新サービスでは、ドラレコが内蔵の通信ユニットによって、ドライバーの運転挙動を適宜センターへ送信している。事故が発生した際にその瞬間を境に、前後の映像を含めた多彩なデータをセンターに自動送信する。これによって保険請求手続きにかかる日数の削減を可能にするというわけだ。ドライバーが事故を通報しなくてもセンターがその状況を把握し、ドライバーにコンタクトする。その際は事故の過失割合までもドライバーへ伝えられる。

本サービスは、あいおいニッセイ同和損害保険が中心となり、野村総合研究所(NRI)、SCSK、富士通、大日本印刷、インテリジェント ウェイブ、日本アイ・ビー・エム、SBIフィンテック・インキュベーションの7社と共に共同で開発。各社の最新技術とテレマティクス情報を複合して事故対応で実用化する、業界初の取り組みで完成させた。保険請求手続きにかかる日数を約50%短縮するなど、かつてない革新的で高品質な事故対応サービスが提供できるようになるという。

サービスは4つのステップに分けて順次導入される。ステップ1では運転軌跡や標識、速度、天候などのデバイスデータをドラレコによってビジュアル化するもので、すでに今年4月までに開発済み。ステップ2では事故検知の高度化として、通常時の走行データと実験で収集した車両衝突時のデータをAIに学習させて高精度な事故検知機能を実現する。これは既に開発を終了しており、今年10月の導入開始を予定している。

ステップ3~4は、現在、実証実験を通して開発を進めている最中で2020年上期の導入を目指している。ステップ3ではGPSやドライブレコーダーから分かる事故場所や相手車両の運転挙動をAIで解析・判定し、事故状況を機械的に把握する。そして、ステップ4ではAIにより判定された事故状況に基づき、判例情報と照らし合わせて過失割合の判定サポートを行う。

◆開発費は20億円。保険会社にもユーザーにも大きなメリットもたらす

本サービスは、あいおいニッセイ同和損害保険が提供する「タフ・見守るクルマの保険」の特約として提供するもので、現在提供している850円/月(一時払は年間9,700円)の保険料をベースに設定される予定だという。契約者には通信機能付きドラレコが提供され、テレマティクスに使う通信料も特約内に含まれる。2020年上期にはすべてのサービスが導入される計画だ。

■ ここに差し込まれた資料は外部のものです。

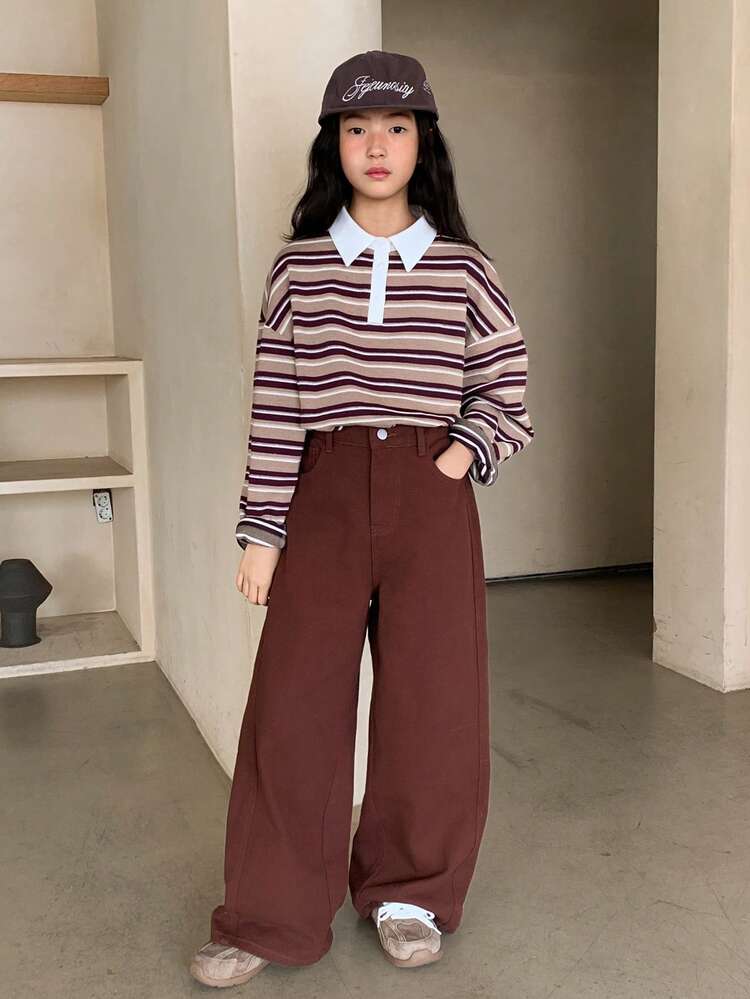 Tween Girls' Pocketed Loose Casual Versatile Wide Leg Jeans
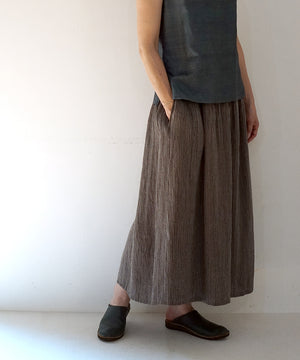 Koti series | Skirt, Linen & silk, Grey & Black stripe, 6900lGst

本サービスを提供するにあたり、あいおいニッセイ同和損保の樋口昌宏取締役専務執行役員は、「従来の電話でのやり取りを中心とした事故対応を、ドラレコで収集したデジタルデータの活用でコスト削減でき、同時にユーザーが保険請求に必要となっていた手間や日数を大幅に削減することができる。これは保険業界初の革新的サービスとなる」と説明。また、サービスを開発するのにかかったコストについて同社 沼田俊彦IT統括部長は「ステップ4までを想定しても20億円程度」と捕捉した。

開発で苦労した点としては「運転挙動データは運転中は常時送られてくるが、当初は一つのデータが2~3時間程度と想定していた。しかし、実際は48時間もの長時間にわたるデータが送られてくることがあった。エンジンをずっと切らずにいたのか、あるいはエンジンをOFFにした際のデータが途絶えてしまったのか、それをどう判断するかが難しかった」と説明。また、サービスを提供するドラレコについては、「開発にあたってはケンウッド製ドライブレコーダーを活用したため、基本はこの製品で提供していく。ただ、提供が間に合わない場合も想定し、ケンウッド製以外を使っても対応できるようにデータ解析のアルゴリズムを開発した」(沼田氏)という。

今後は自動運転への対応も迫られる自動車保険だけに、自動車事故を車載機器のデータを活用してリアルタイムで把握できる本サービスがもたらすメリットは大きい。100年に一度の大きな転換期と言われる自動車業界にあって、自動車保険もさらなる特色を打ち出す必要に迫られている。本サービスの提供はその試金石として目が離せない存在になるだろう。